## Aim of the exercise
Copy out each record that follows exactly, and omit any picture you find.

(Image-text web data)
________________

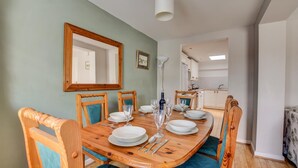 A dining area with a wooden table, chairs, and a mirror on the wall. - 2 Bed in Salhouse (oc-1250) (Salhouse)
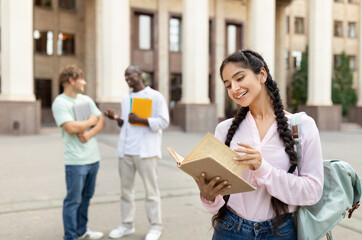 Happy university student girl holding book, standing outdoors at university campus with her classmates on background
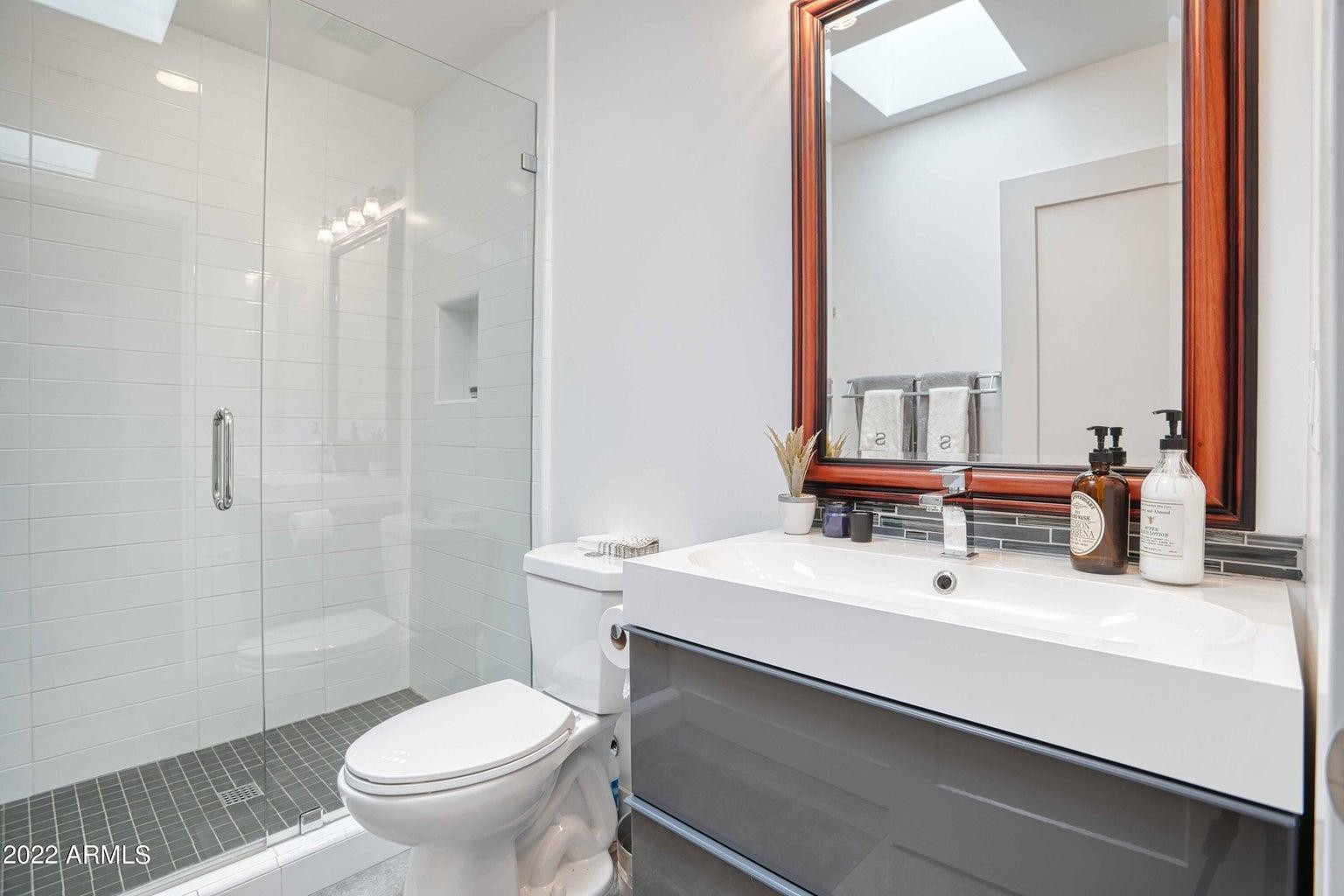3230 East Colter Street Phoenix, AZ 85018 - Photo 21 of 28 a bathroom with a sink toilet a mirror and shower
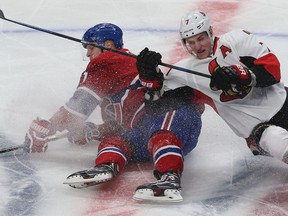 Ottawa Senators Kyle Turris hits hits Montreal Canadiens Lars Eller during first period action at the Bell Centre in Montreal Wednesday April 15,  2015. The Senators and Canadiens were playing game one of the Stanley Cup Playoffs.  Tony Caldwell/Postmedia Network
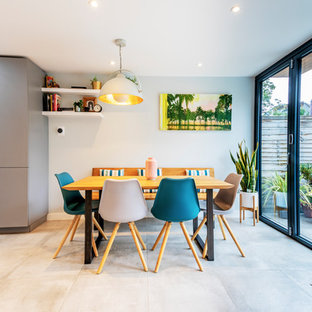 Photo of a scandi kitchen/dining room in London with white walls and beige floors.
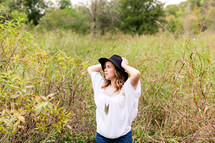 woman in a black hat standing in tall grasses 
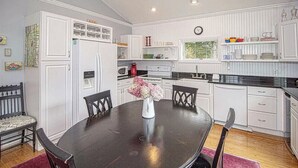 A kitchen with white cabinets, a black dining table, and a clock on the wall. - Cozy, spacious ski home 10 minutes from Mt. Snow! (Wilmington)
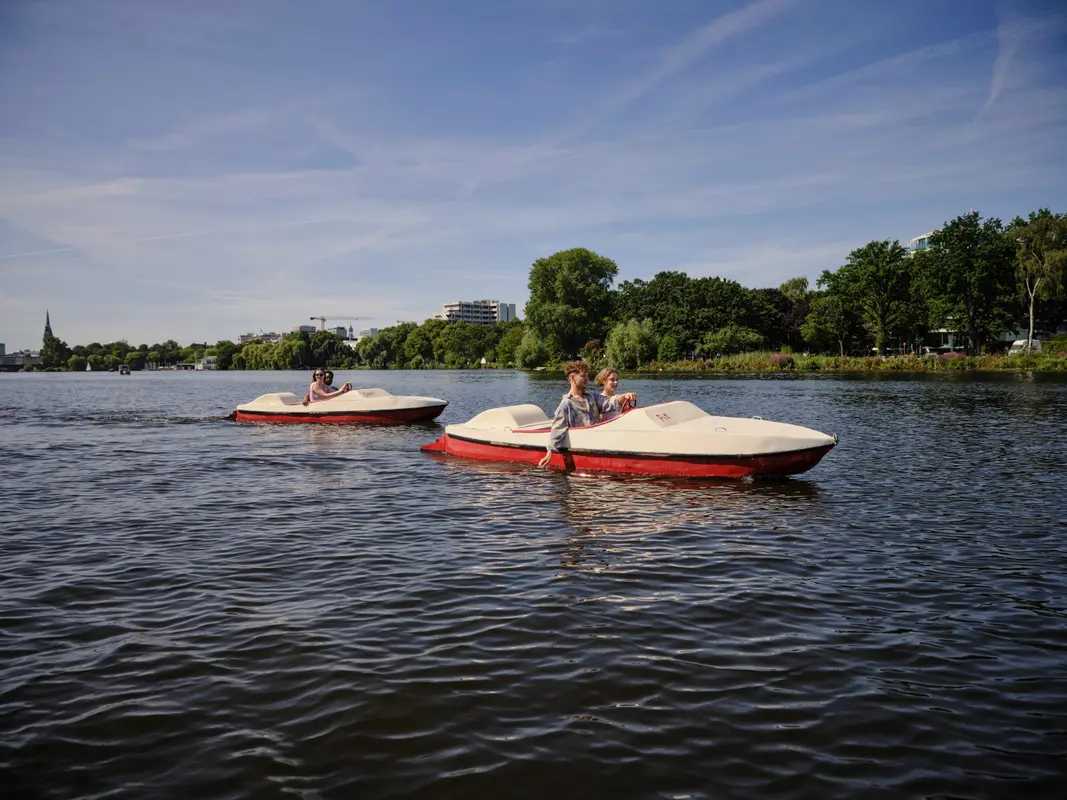 Junge Menschen fahren in rot-weißen Tretbooten über das Wasser der Alster in Hamburg unter blauem Himmel.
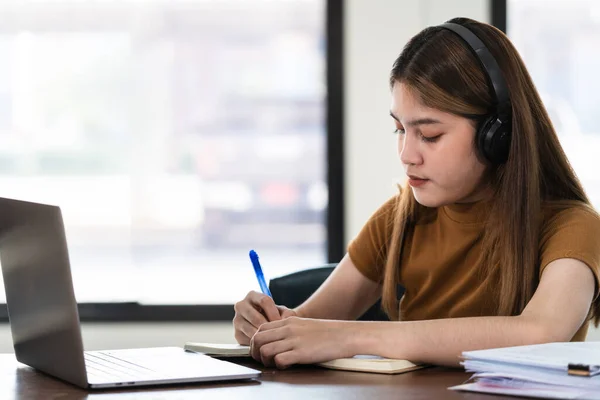 Joven Estudiante Asiática Lleva Auriculares Inalámbricos Concentrados Escribir Cuaderno Para —  Fotos de Stock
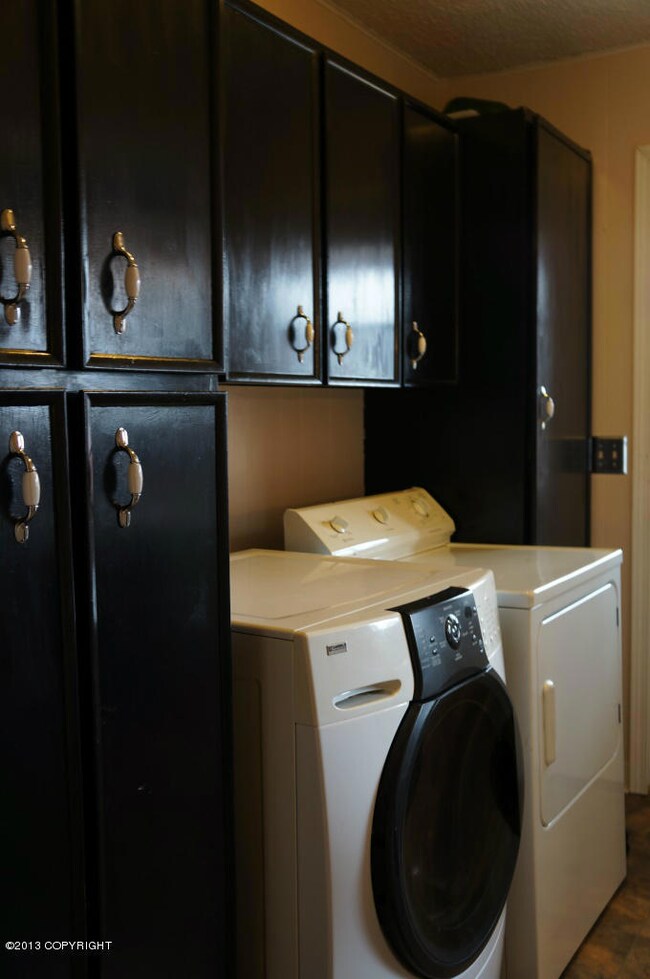 Laundry Area With Backyard Access
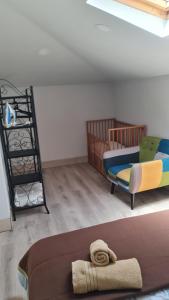 a room with a crib and a bed and a bunk bed at Holiday Home Funchal Center in Funchal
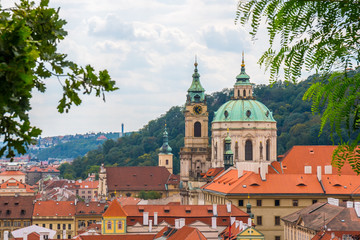 View over historic center of Prague, St. Nicholas Church, red roofs of Prague,  Czech republic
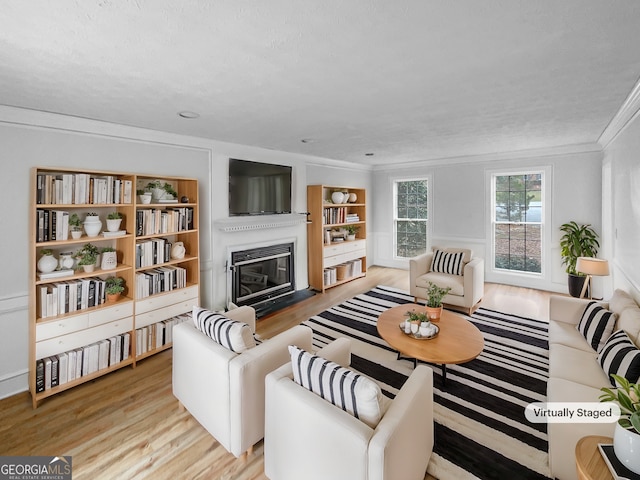 living room with built in shelves, a glass covered fireplace, crown molding, and light wood finished floors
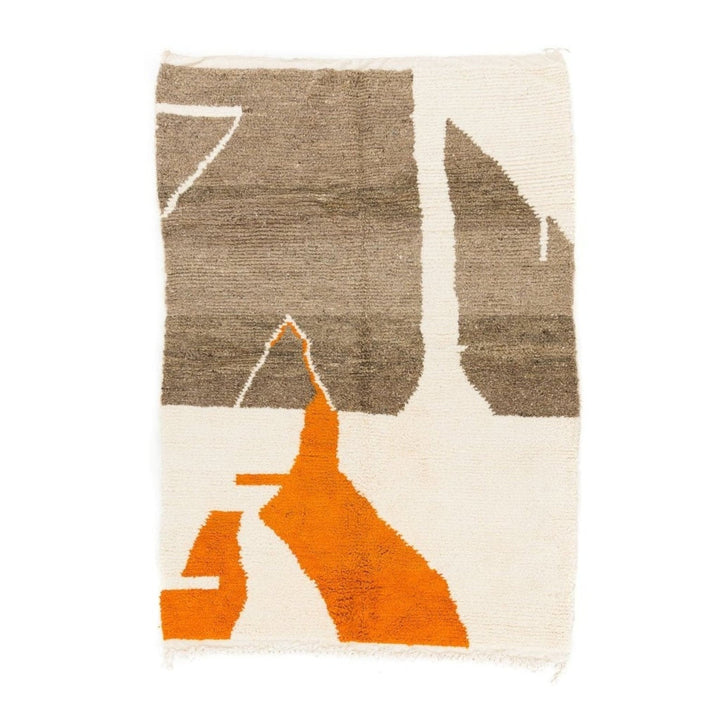 Front view of the orange and beige abstract Moroccan rug with geometric patterns.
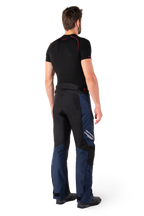 Alpinestars St-1 Waterproof Pants, pantaloni Adventure Touring, blu scuro, nero e rosso acceso, vista laterale posteriore indossati con base layer nero a maniche corte e stivali da moto neri, design aerodinamico con marchio riflettente e dettagli rossi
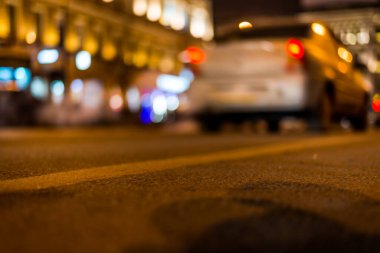 Büyük şehrin gece ışıkları, asfalt seviyesinden manzarayı kapatın. 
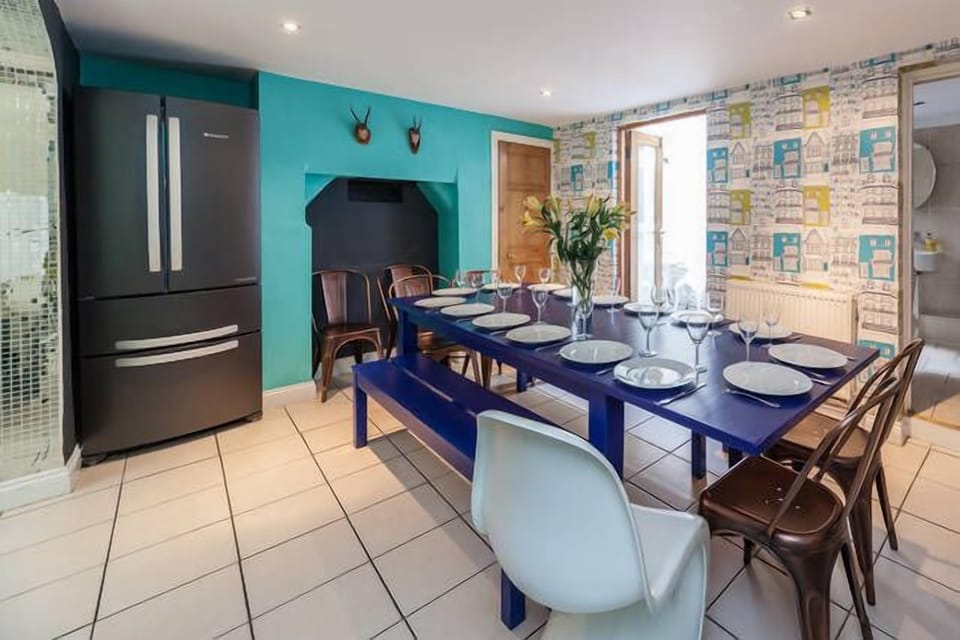 The dining room seats up to 18 people with patio at the back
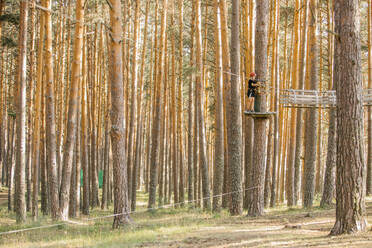 Kind in Sicherheitsausrüstung, das auf einer hölzernen Plattform auf einem Baum steht und sich im Abenteuerpark im Wald amüsiert - ADSF13990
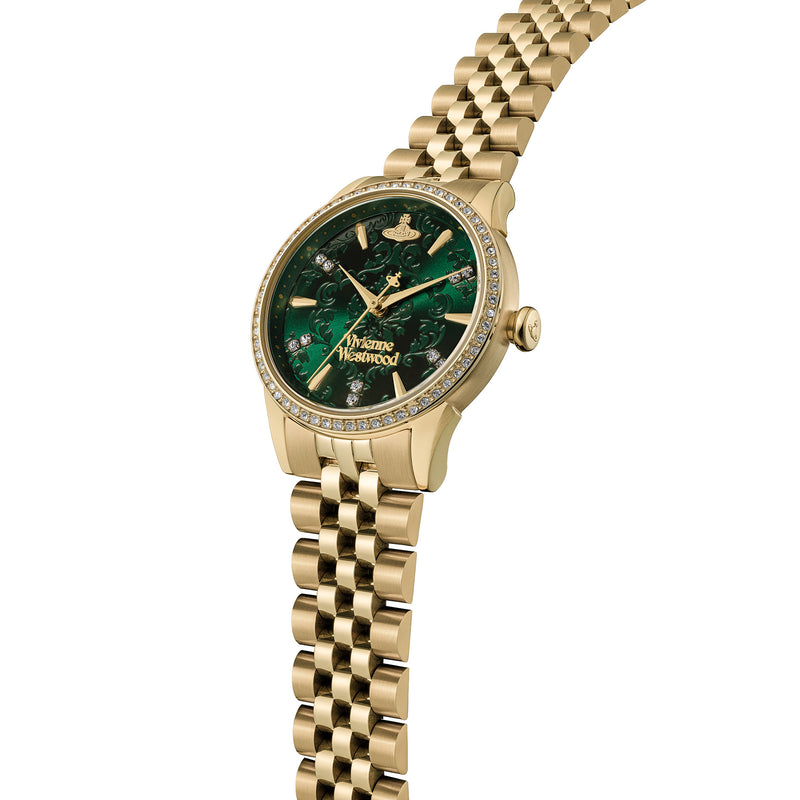 Close-up of the Vivienne Westwood Wallace watch. Gold-plated bracelet, green dial with orb logo, and crystal accents.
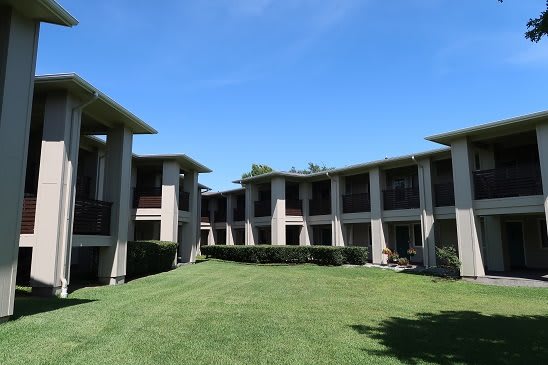 A modern apartment complex with a central grassy courtyard under a clear blue sky.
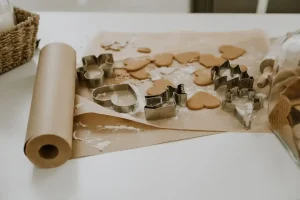 Colorful cotton fabric patterns being coated with melted beeswax to create reusable eco-friendly food wraps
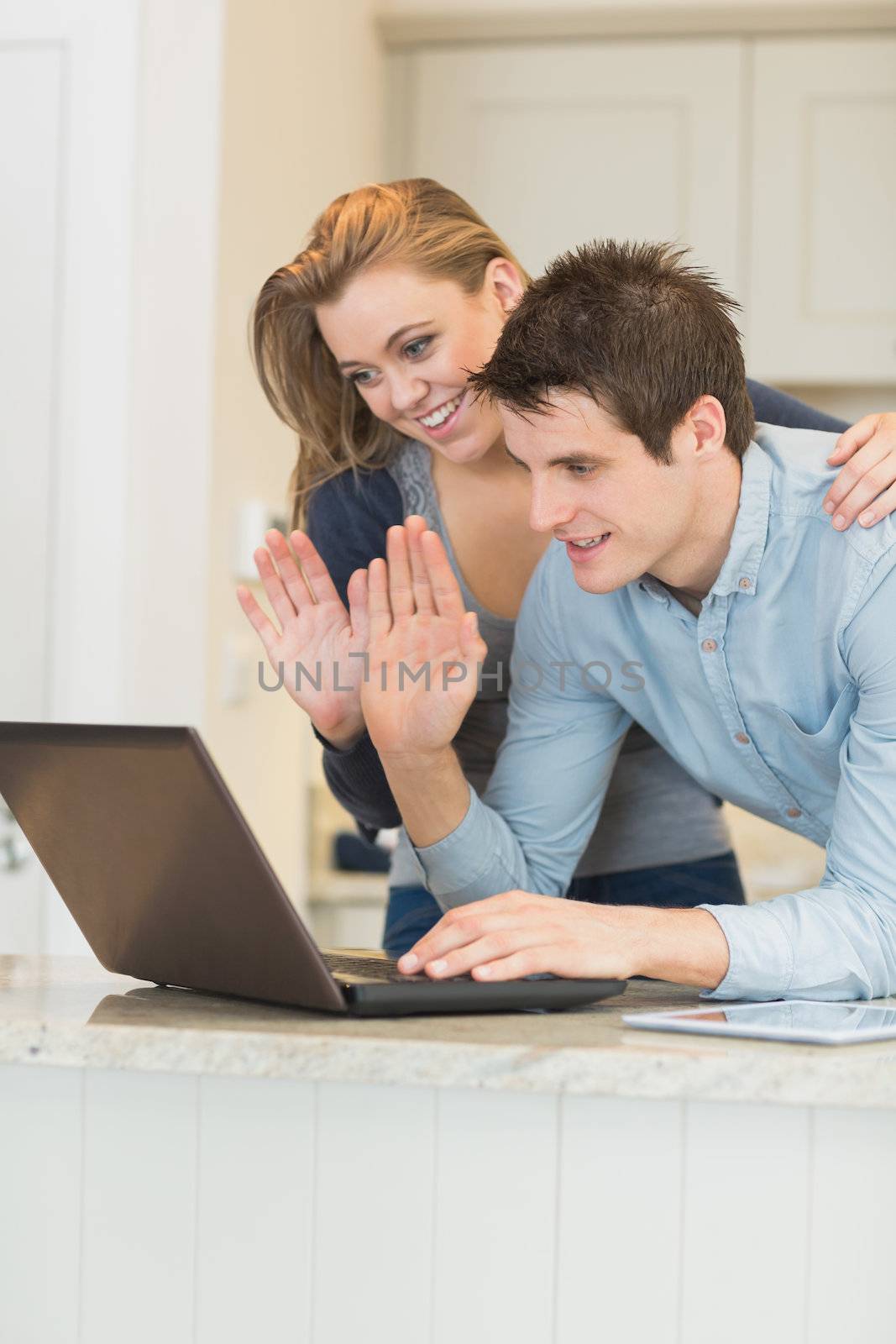 Man and woman use the webcam and wave their hands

________________

## Your solution
 A dining area with a wooden table, chairs, and a mirror on the wall. - 2 Bed in Salhouse (oc-1250) (Salhouse)
 Happy university student girl holding book, standing outdoors at university campus with her classmates on background
3230 East Colter Street Phoenix, AZ 85018 - Photo 21 of 28 a bathroom with a sink toilet a mirror and shower
 Ottawa Senators Kyle Turris hits hits Montreal Canadiens Lars Eller during first period action at the Bell Centre in Montreal Wednesday April 15,  2015. The Senators and Canadiens were playing game one of the Stanley Cup Playoffs.  Tony Caldwell/Postmedia Network
 Photo of a scandi kitchen/dining room in London with white walls and beige floors.
 woman in a black hat standing in tall grasses 
 A kitchen with white cabinets, a black dining table, and a clock on the wall. - Cozy, spacious ski home 10 minutes from Mt. Snow! (Wilmington)
 Junge Menschen fahren in rot-weißen Tretbooten über das Wasser der Alster in Hamburg unter blauem Himmel.
 Joven Estudiante Asiática Lleva Auriculares Inalámbricos Concentrados Escribir Cuaderno Para —  Fotos de Stock
 Laundry Area With Backyard Access
 a room with a crib and a bed and a bunk bed at Holiday Home Funchal Center in Funchal
 View over historic center of Prague, St. Nicholas Church, red roofs of Prague,  Czech republic
 living room with built in shelves, a glass covered fireplace, crown molding, and light wood finished floors
 Front view of the orange and beige abstract Moroccan rug with geometric patterns.
 Alpinestars St-1 Waterproof Pants, pantaloni Adventure Touring, blu scuro, nero e rosso acceso, vista laterale posteriore indossati con base layer nero a maniche corte e stivali da moto neri, design aerodinamico con marchio riflettente e dettagli rossi
 Büyük şehrin gece ışıkları, asfalt seviyesinden manzarayı kapatın. 
 The dining room seats up to 18 people with patio at the back
 Kind in Sicherheitsausrüstung, das auf einer hölzernen Plattform auf einem Baum steht und sich im Abenteuerpark im Wald amüsiert - ADSF13990
 Close-up of the Vivienne Westwood Wallace watch. Gold-plated bracelet, green dial with orb logo, and crystal accents.
 A modern apartment complex with a central grassy courtyard under a clear blue sky.
 Colorful cotton fabric patterns being coated with melted beeswax to create reusable eco-friendly food wraps
 Man and woman use the webcam and wave their hands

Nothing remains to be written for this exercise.